Nonsteroidal anti-inflammatory drugs (NSAIDs) are used worldwide and are responsible for several types of drug hypersensitivity reactions (DHRs) in all age groups. The 2 major groups of DHRs to NSAIDs are those induced by immunological mechanisms (selective reactions) and those where inflammatory mediators are released through activation of the prostaglandin-leukotriene pathway without specific immunological recognition (cross-intolerance). In the present review, we focus on cross-intolerance reactions, which are the most frequent DHRs and are becoming a topic of major interest in children and adolescents.
Paracetamol and ibuprofen are the drugs that most frequently cause DHRs in children; other NSAIDs are responsible for reactions in adolescents. In vivo and in vitro tests are of limited diagnostic value, with some exceptions for the less common selective reactions. In cross-intolerance, the clinical history and controlled administration are in many instances the only way to establish a diagnosis and look for alternatives. The clinical history is diagnostic when consistent symptoms occur repeatedly after exposure to NSAIDs with different chemical structures.

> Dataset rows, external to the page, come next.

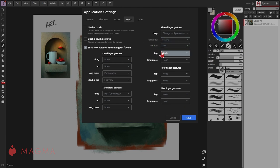To get more out of using Magma with your mobile device, consider connecting a wireless keyboard for accessing various shortcuts.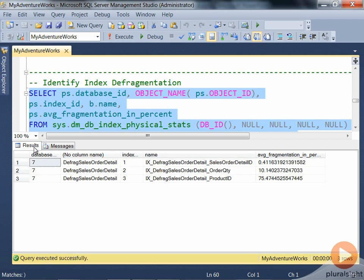In our database, we have only one table with three different indexes. The average fragmentation shown here indicates the SalesOrderDetailsID has just 0.4% fragmentation, while OrderQuantity and ProductID give different values of 10% and 75% fragmentation respectively.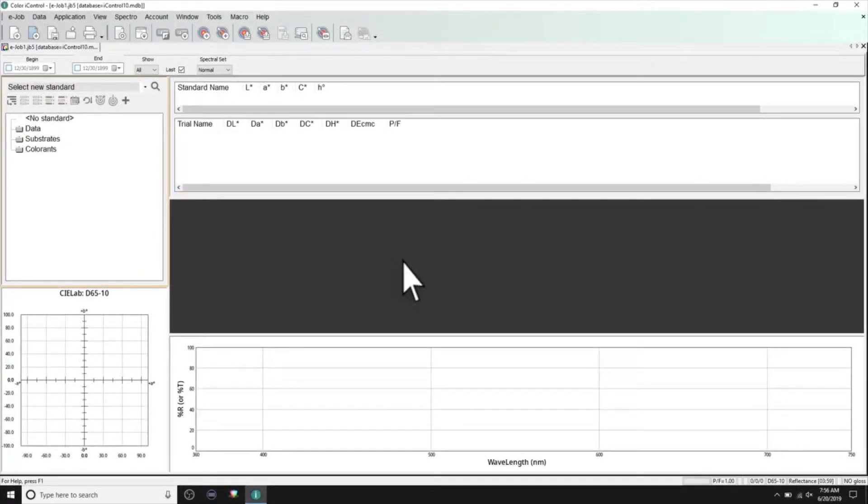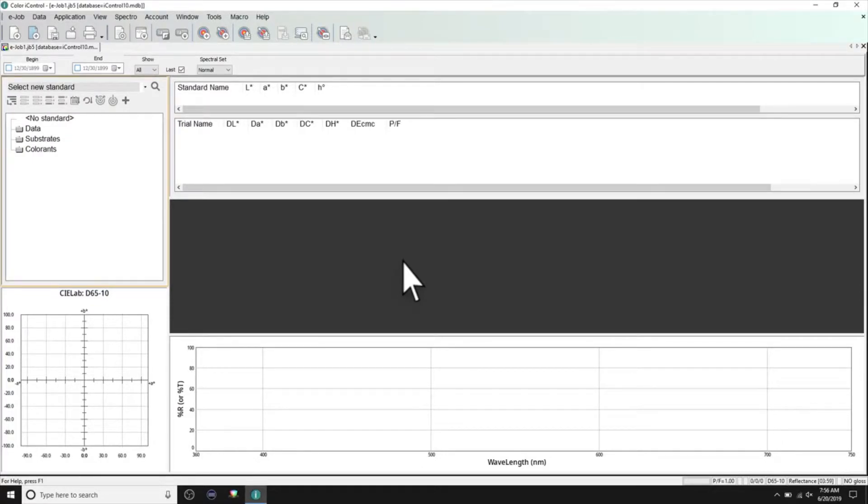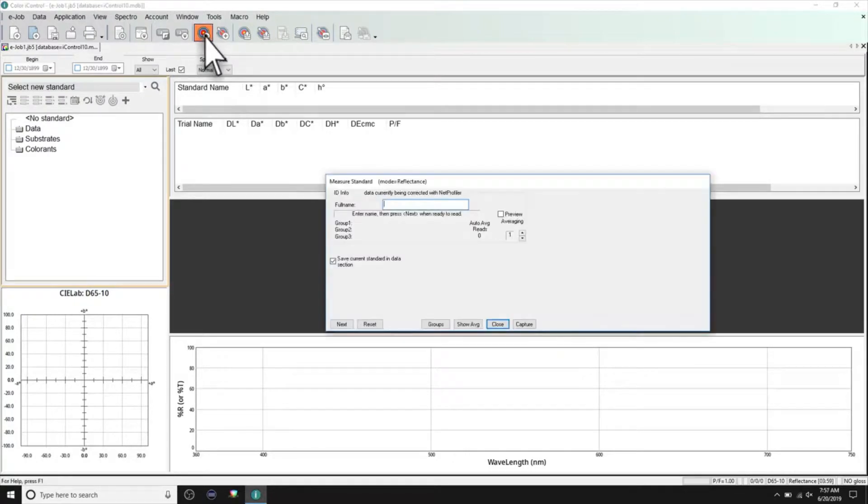Before taking measurements, ensure that the correct configuration is loaded and calibrated. Once ready, initiate a standard or trial measurement through your software.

Cutaneous and respiratory symptoms often co-occur in young children. The natural history of these reactions in children is unknown, and some patients can develop tolerance over time. Atopy remains a major risk factor for cross-intolerant reactions. The increasing interest in hypersensitivity to NSAIDs with improvements in patient phenotyping and the information provided by pharmacogenetics will improve our understanding and management of these reactions in the near future.

Key words: Hypersensitivity drug reactions. NSAIDs, cross-intolerance. Cysteinyl leukotrienes. NSAID-exacerbated respiratory disease. NSAID-exacerbated cutaneous disease. NSAID-induced urticaria/angioedema.